Your assignment »
Write back, word for word, the lines from the one containing "Purple Up For" to the end of the listing below. Include nothing else, and no pictures.

Given data »
-*-

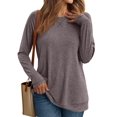 thumbnail image 1 of Womens Long Sleeve Shirts Casual Loose Fit Tops Fall Fashion Dressy Basic Trendy Outfits Clothes 2024, 1 of 6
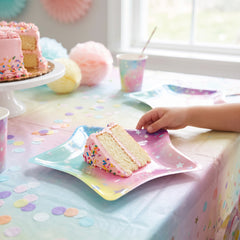 Iridescent Star-Shaped Paper Dessert Plates - 7-Inch, 8-Pack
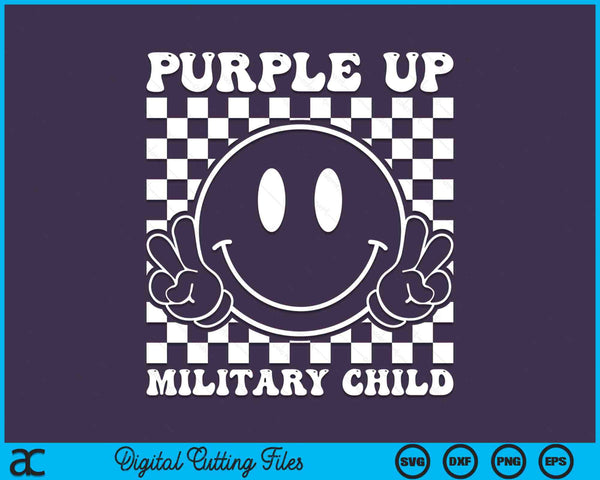 Purple Up For Military Child Groovy Military Child Month SVG PNG Digital Cutting Files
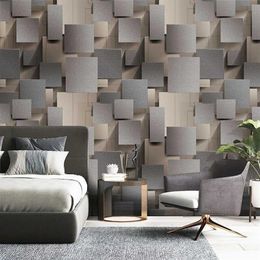 Moderne 3D-Gitter Vlies Wildleder Tapete für Wände Rolle Papel De Parede 3D Wohnzimmer Schlafzimmer TV Hintergrund Wand Papier Dekor Q327F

-*-

Task answer »
 Purple Up For Military Child Groovy Military Child Month SVG PNG Digital Cutting Files
 Moderne 3D-Gitter Vlies Wildleder Tapete für Wände Rolle Papel De Parede 3D Wohnzimmer Schlafzimmer TV Hintergrund Wand Papier Dekor Q327F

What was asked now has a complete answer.